Quantitative determination of the phosphorus environment in lithium aluminosilicate glasses using solid-state NMR techniques.

Abstract

We investigated using solid-state NMR spectroscopy the short-range structural features in lithium aluminosilicate glasses with the addition of P2O5 and considering various Al2O3/Li2O ratios. The phosphorus environment is determined quantitatively using 31P Magic Angle Spinning NMR constrained by results obtained from 31P-27Al Multiple-Quantum Coherence-based NMR techniques. Phosphorus is mainly located as orthophosphate and pyrophosphate species in glasses with a low amount of Al2O3. These depolymerized units disappear with increasing Al2O3 content and a strong affinity of PO4 tetrahedra for aluminum is revealed, which reduces phase separation. The local environments of framework (Si and Al) and charge-balancing (Li) cations are also studied through NMR experiments to assess the influence of P2O5 addition.

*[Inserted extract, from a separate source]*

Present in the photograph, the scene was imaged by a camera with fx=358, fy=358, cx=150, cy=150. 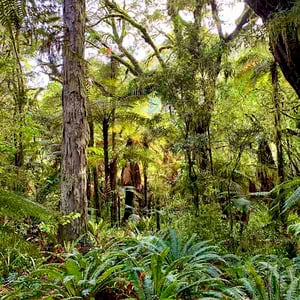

The Si environment is mostly modified by the presence of P2O5 in glasses containing a low amount of Al2O3, with an increase of Q4Si species in relation to phase separation phenomena observed in these compositions. Conversely, P2O5 addition does not have a significant influence on the 27Al NMR response. 7Li NMR spectra reflect a change in the structural role of Li when P2O5 or Al2O3 is added. The observed structural changes can be rationalized to improve our knowledge of the structure-property relationships, focusing, in particular, on phase separation and nucleation/crystallization processes that are strongly affected by the presence of P and the evolution of its local environment with composition.